I would also still appreciate some danger.



Pirate Jet posted:

That being said, for those who believe Us isn’t about class, Peele pretty clearly disagrees. https://www.latimes.com/entertainment/movies/la-et-mn-jordan-peele-us-ending-spoilers-20190325-story.html

Thanks for that link. Yeah it looks like he put a lot of issues into the tethered, haves vs have-nots being one but also:

“The realization that our villains in this are a cult, are fanatics, and violent fanatics who are on a day to day level engaged in sort of unimaginably crazy-seeming behavior was about the realization that you could say the same about the other world — about us,” said Peele. “That we as Americans, as the United States, we are fanatics as well, and we are violent.”

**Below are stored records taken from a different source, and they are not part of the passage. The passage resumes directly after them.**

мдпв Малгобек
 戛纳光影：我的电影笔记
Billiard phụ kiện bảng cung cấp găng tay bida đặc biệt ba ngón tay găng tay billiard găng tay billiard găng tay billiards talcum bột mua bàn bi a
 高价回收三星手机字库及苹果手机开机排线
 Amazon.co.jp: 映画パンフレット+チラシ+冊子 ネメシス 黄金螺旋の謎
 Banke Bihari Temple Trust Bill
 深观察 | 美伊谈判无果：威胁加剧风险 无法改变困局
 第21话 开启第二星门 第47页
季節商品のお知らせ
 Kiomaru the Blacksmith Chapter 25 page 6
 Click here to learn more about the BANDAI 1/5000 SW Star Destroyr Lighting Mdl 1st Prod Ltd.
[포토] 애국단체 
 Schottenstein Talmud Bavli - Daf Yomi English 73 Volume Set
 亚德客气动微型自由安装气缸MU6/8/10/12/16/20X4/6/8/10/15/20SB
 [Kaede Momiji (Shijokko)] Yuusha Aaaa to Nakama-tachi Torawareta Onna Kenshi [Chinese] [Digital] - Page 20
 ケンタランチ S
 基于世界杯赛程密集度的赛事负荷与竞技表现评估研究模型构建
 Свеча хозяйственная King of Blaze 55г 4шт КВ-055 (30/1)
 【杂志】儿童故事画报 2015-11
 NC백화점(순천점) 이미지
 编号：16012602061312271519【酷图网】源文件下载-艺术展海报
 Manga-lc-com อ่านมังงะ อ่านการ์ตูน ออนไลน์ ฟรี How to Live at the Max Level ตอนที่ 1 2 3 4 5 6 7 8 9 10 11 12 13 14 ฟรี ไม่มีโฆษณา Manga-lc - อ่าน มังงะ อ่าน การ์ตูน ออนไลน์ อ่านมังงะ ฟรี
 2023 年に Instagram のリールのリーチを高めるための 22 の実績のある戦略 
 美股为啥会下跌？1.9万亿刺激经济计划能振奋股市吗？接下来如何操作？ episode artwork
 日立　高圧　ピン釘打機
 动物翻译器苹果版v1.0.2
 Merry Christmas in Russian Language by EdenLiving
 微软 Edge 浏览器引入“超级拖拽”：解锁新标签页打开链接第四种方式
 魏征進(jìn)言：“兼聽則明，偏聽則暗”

He also referred to it as a monster movie with relatable monsters, so hopefully the Tethered went a direct stand-in for the American poor or sweatshop laborers.

They make thematic sense when representing a broad spectrum of common, unexamined American ills - both standing in as the perpetrators and victims of them. Class, sure, but also xenophobia, entitlement, fanaticism, bigotry, and violence. The "We're Americans" line makes sense in this context.

If you single out class as the Tethered's defining characteristic, the movie becomes a cautionary tale, warning the relatable bourgeoisie about the dangerously psychotic proletariat - and I don't think that was remotely Peele's intention.